Liam Anderson

No. 50 – Miami Dolphins
- Position: Linebacker
- Roster status: Practice squad

Personal information
- Born: April 30, 2000 (age 26) Flanders, New Jersey, U.S.
- Listed height: 6 ft 3 in (1.91 m)
- Listed weight: 230 lb (104 kg)

Career information
- High school: Mount Olive (Mount Olive Township, New Jersey)
- College: Holy Cross (2018–2022)
- NFL draft: 2023: undrafted

Career history
- Indianapolis Colts (2023–2024); Cincinnati Bengals (2025)*; Miami Dolphins (2026–present);
- * Offseason or practice squad member only

Career NFL statistics as of Week 2, 2026
- Games played: 5
- Tackles: 1
- Stats at Pro Football Reference

= Liam Anderson (American football) =

American football player (born 2000)

Liam Anderson (born April 30, 2000) is an American professional football linebacker for the Miami Dolphins of the National Football League (NFL). He played college football for the Holy Cross Crusaders. He was signed by the Indianapolis Colts of the National Football League (NFL) as an undrafted free agent in 2023.

==Early life==
Raised in the Flanders section of Mount Olive Township, New Jersey, Anderson attended Mount Olive High School where he threw for 3,220 yards and rushed for another 1,686 yards totaling 52 total touchdowns. Anderson committed to play college football for the Holy Cross Crusaders.

==College career==
In Anderson's five years at Holy Cross, he notched 232 tackles, 14.5 sacks, and six interceptions.

==Professional career==

Pre-draft measurables
| Height | Weight | Arm length | Hand span | Wingspan | 40-yard dash | 20-yard shuttle | Three-cone drill | Vertical jump | Broad jump | Bench press |
| 6 ft 2+7⁄8 in (1.90 m) | 226 lb (103 kg) | 29+1⁄4 in (0.74 m) | 9+1⁄4 in (0.23 m) | 5 ft 10+1⁄2 in (1.79 m) | 4.55 s | 4.35 s | 7.12 s | 33.5 in (0.85 m) | 10 ft 8 in (3.25 m) | 20 reps |
All values from Pro Day

===Indianapolis Colts===
After not being selected in the 2023 NFL draft, Anderson signed with the Indianapolis Colts of the National Football League (NFL) as an undrafted free agent. Anderson was released during final roster cuts, but he signed to the team's practice squad one day later. On December 30, 2023, ahead of the Colts week 17 matchup, Anderson was elevated to the active roster. One day later, Anderson made his NFL debut in week seventeen versus the Las Vegas Raiders, where he played eight total snaps.

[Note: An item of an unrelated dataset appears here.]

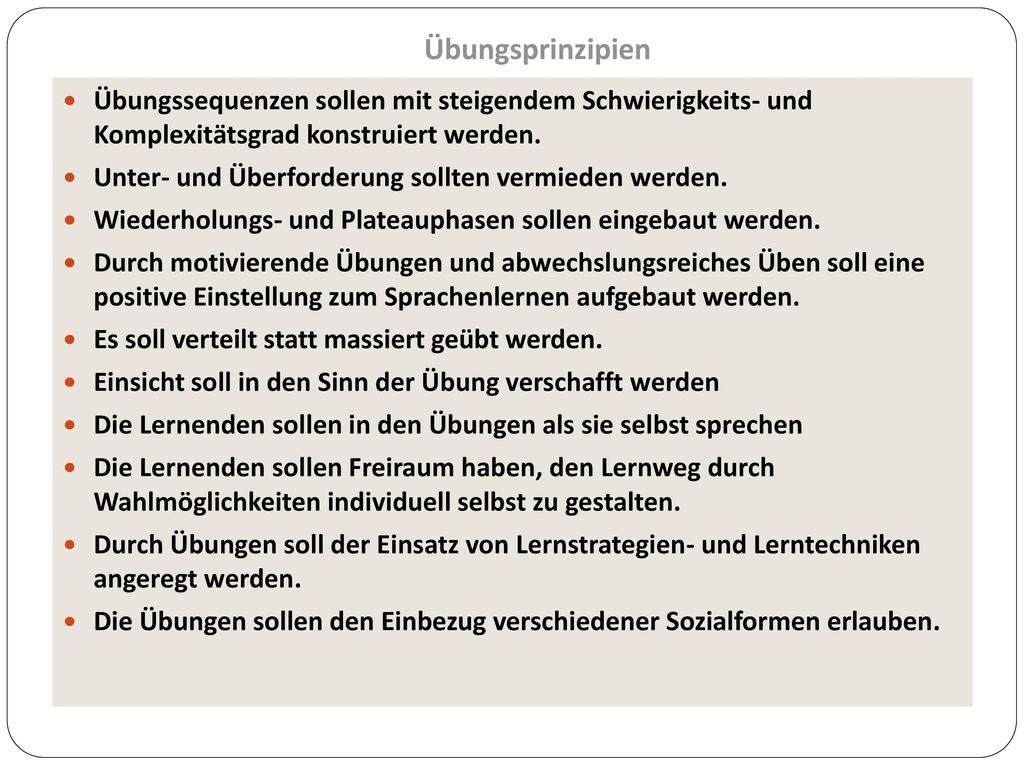 Übungsprinzipien Übungssequenzen sollen mit steigendem Schwierigkeits- und Komplexitätsgrad konstruiert werden.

On January 8, 2024, Anderson signed a reserve/future contract with the Colts. He was waived on August 27, and re-signed to the practice squad. He was promoted to the active roster on November 16. He was waived on November 30 and re-signed to the practice squad four days later. He signed a reserve/future contract with Indianapolis on January 6, 2025. Anderson was waived/injured on August 8. After reverting to injured reserve, he was waived by the Colts with an injury settlement on August 14.

===Cincinnati Bengals===
On October 30, 2025, Anderson signed with the Cincinnati Bengals' practice squad. He signed a reserve/future contract with Cincinnati on January 5, 2026.

On August 30, 2026, Anderson was waived by the Bengals as part of final roster cuts.

===Miami Dolphins===
On September 1, 2026, Anderson signed with the Miami Dolphins practice squad. On September 19, he was signed to the active roster and waived two days later and re-signed to the practice squad.